L’humoriste lance donc un appel aux scénaristes du cinéma français: "Inventez! Je suis là… J’ai envie de tout faire. Je ne me bride pas." Au-delà du rôle, le plus important reste pour elle l’histoire: "Je ne me lève pas en me disant que je suis une femme noire. Le noir, ça fait longtemps que c’est acquis. Je ne me bagarre pas avec ça. Je suis une femme d’abord, puis une comédienne et après je suis noire. Je ne mets pas les trucs à l’envers. Quand on me propose quelque chose, c’est bien si ce n’est pas écrit Alimatou ou Bentou. Mais mon problème, c’est avant tout ce qu’il raconte."

"Le Bon Dieu a heurté les gens dans leur sensibilité"

Claudia Tagbo choisit aussi ses films en fonction de ce qu’ils peuvent apporter aux gens. Dans Qu’est-ce qu’on a fait encore au Bon Dieu?, elle incarne l’épouse de Viviane, dont le père André Koffi (Pascal N’Zonzi) n’approuve pas l’orientation sexuelle. "J’ai accepté le rôle parce que c’est drôle”, dit-elle. "Si certains dans ma communauté sont réfractaires [à l’homosexualité], j’aime bien pouvoir les titiller. Nous, les acteurs et les actrices, nous servons aussi à titiller les gens, à leur dire ce qui se passe, à leur dire que cela peut aussi se produire dans la communauté dite africaine."

Les polémiques suscitées par le premier volet du Bon Dieu ne l’ont pas fait fuir.

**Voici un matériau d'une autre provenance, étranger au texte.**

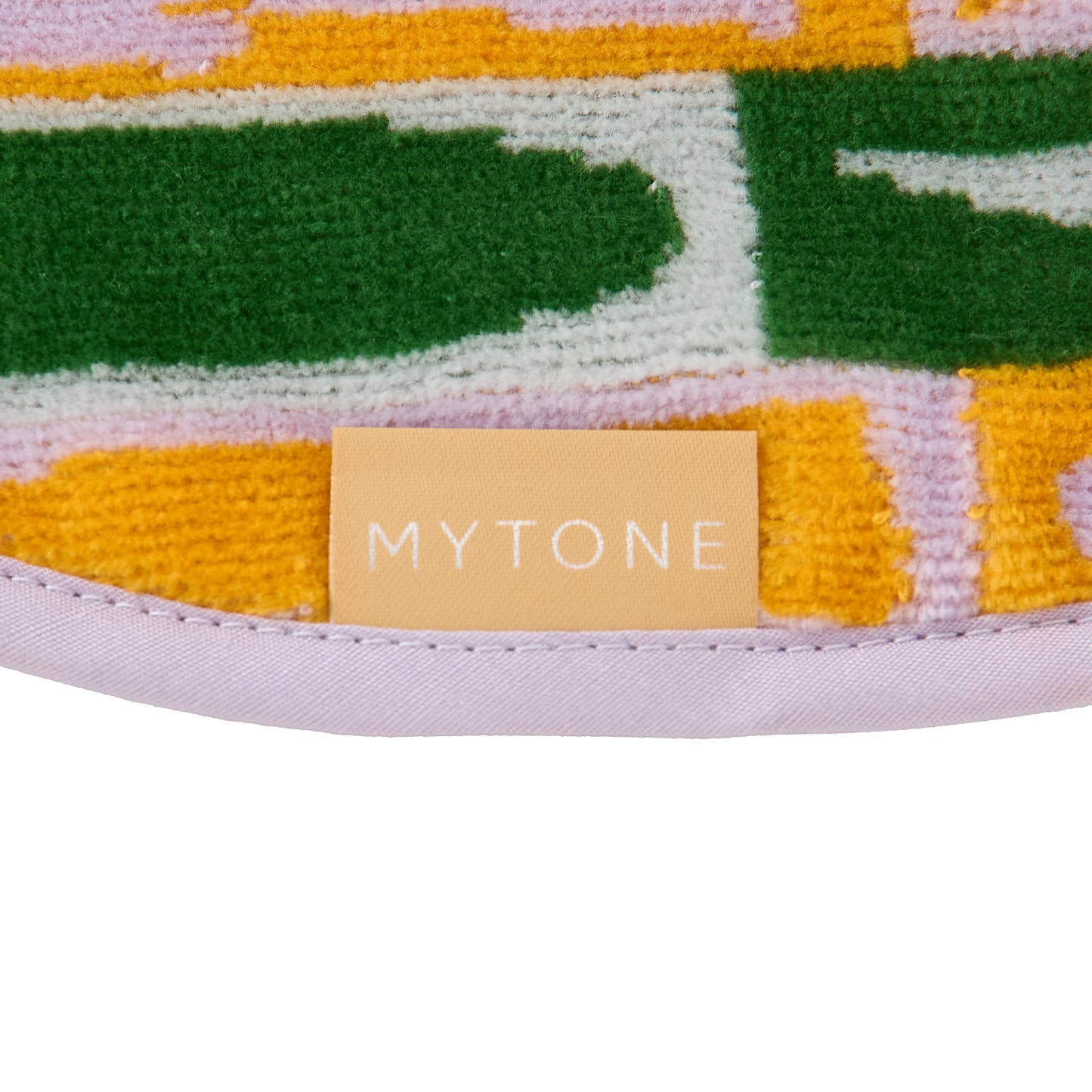 BABY TOWEL BIB:3枚セット〈11月以降再入荷予定〉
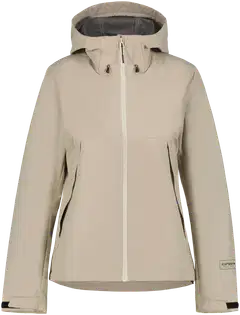 Icepeak Bryant naisten softshell-takki - Kitti - 1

Au contraire: "Il a fait polémique parce que les gens ont été heurtés dans leur sensibilité. Quand on fait quelque chose, est-ce qu’on doit réfléchir aux polémiques? Il faut faire." Claudia Tagbo aime les comédies satiriques - un genre qu’elle n’a pas eu beaucoup l’occasion de pratiquer en France, hormis une apparition dans Le Crocodile du Botswanga avec Fabrice Éboué et Thomas N'Gijol.

Dans ce genre, elle cite deux films récents - auxquels elle n’a pas participé. Elle loue ainsi Black Snake de Thomas N'Gijol, l’histoire du premier super-héros noir, sorti en février dernier, sans rencontrer le succès: "C’est un film qui mériterait d’être revu. Il faut acheter le DVD et le garder. Ça n’a pas pris [avec le public], mais c’est un film qui a une vraie identité. Les gens s’en rendront compte plus tard.

Un autre film important pour elle est Il a déjà tes yeux, une comédie de et avec Lucien Jean-Baptiste où une famille noire adopte un enfant blanc. Carton au cinéma et à la télévision, le film est décliné en série sur France 2 avec le même casting. Une grande victoire estime la comédienne: "C’est bien aussi de rentrer dans les maisons."